Recently, B. yongensis was also detected from P. thunbergii in Beijing, China. The following characters were confirmed again: 3 lateral lines, 7 papillae, a three-celled structure was observed on the dorsal wall of the reproductive tract at the uterus/post-uterine sac junction (Figure 1). Small variation of female tail tip in Beijing population exist, with most females showing a conoid tail with a 2–5 µm long mucron in central position at the terminus. Several showed a bluntly pointed terminus, but never broadly rounded.
According to Kanzaki et al. (2018), both B. uncispicularis and B. yongensis are now in the B. eggersi-group sensu Ryss & Subbotin (2017), subgroup 3, together with B. carpini Kanzaki, Masuya, Ichihara, Maehara, Aikawa, Ekino, Taisuke & Ide, 2018 (Kanzaki et al., 2018), B. clavicauda Kanzaki, Maehara & Masuya, 2007 (Kanzaki et al., 2007) and B. cryphali (Fuchs, 1930) Rühm, 1956, which is characterized by a spicule with a short, wide blade and strongly dorsally recurved condylus with a pointed tip and broad female tail.
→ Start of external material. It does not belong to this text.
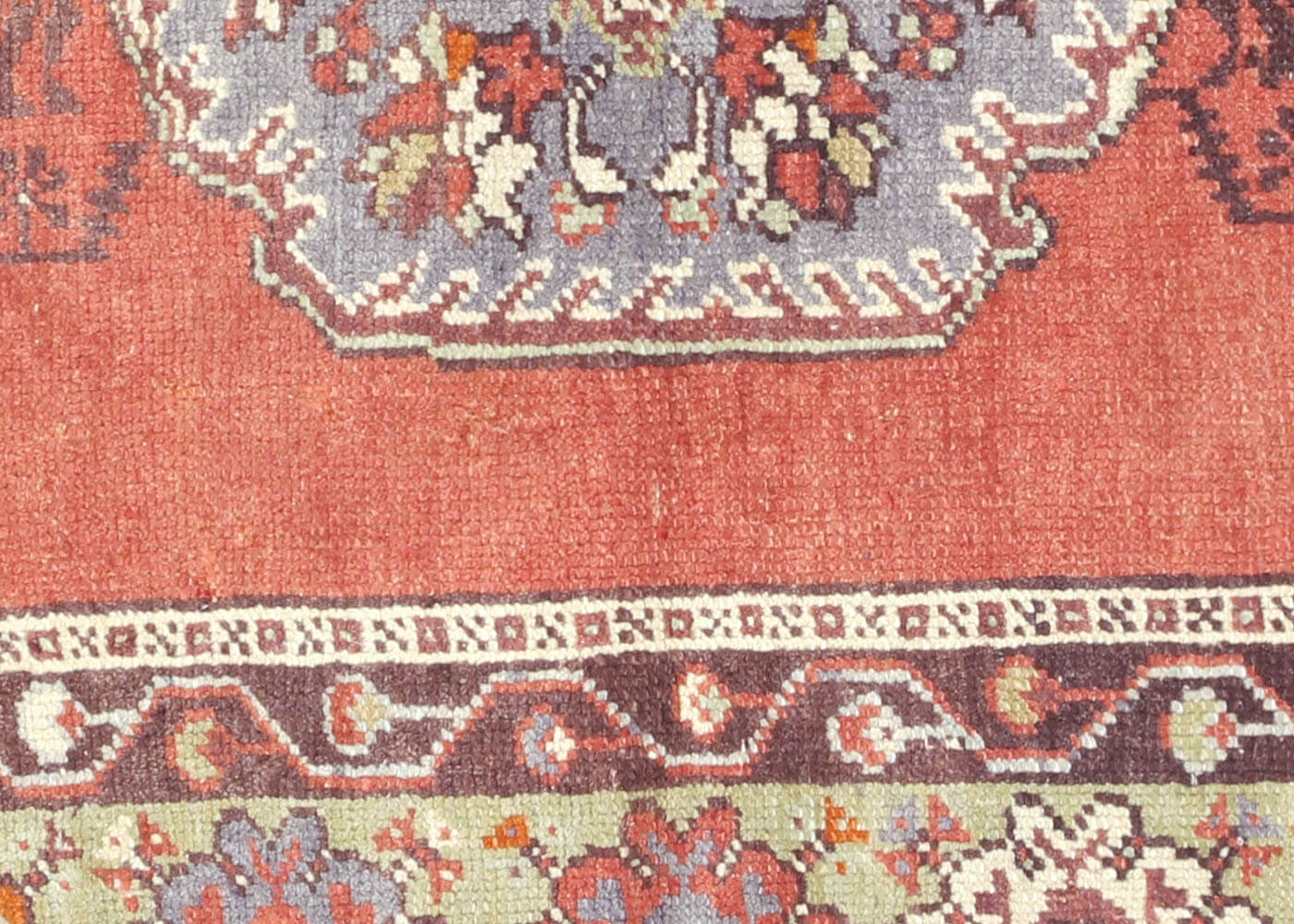 Vintage Turkish Oushak Rug - 3'2" x 5'7" - 140317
Except B. uncispicularis, all other species share 3 lateral lines, which indicates that the 4 lines of B. uncispicularis may have been misjudged. All species in this group have 7 male papillae.
B. yongensis is present in China, Japan and Korea with a common host species (P. thunbergii) and a common widespread vector (C. fulvus). Based on the geographic, ecological, molecular, and morphological data, we propose Bursaphelenchus uncispicularis Zhuo, Li, Li, Yu & Liao, 2007 as a junior synonyms of B. yongensis Gu, Braasch, Burgermeister, Brandstetter & Zhang, 2006.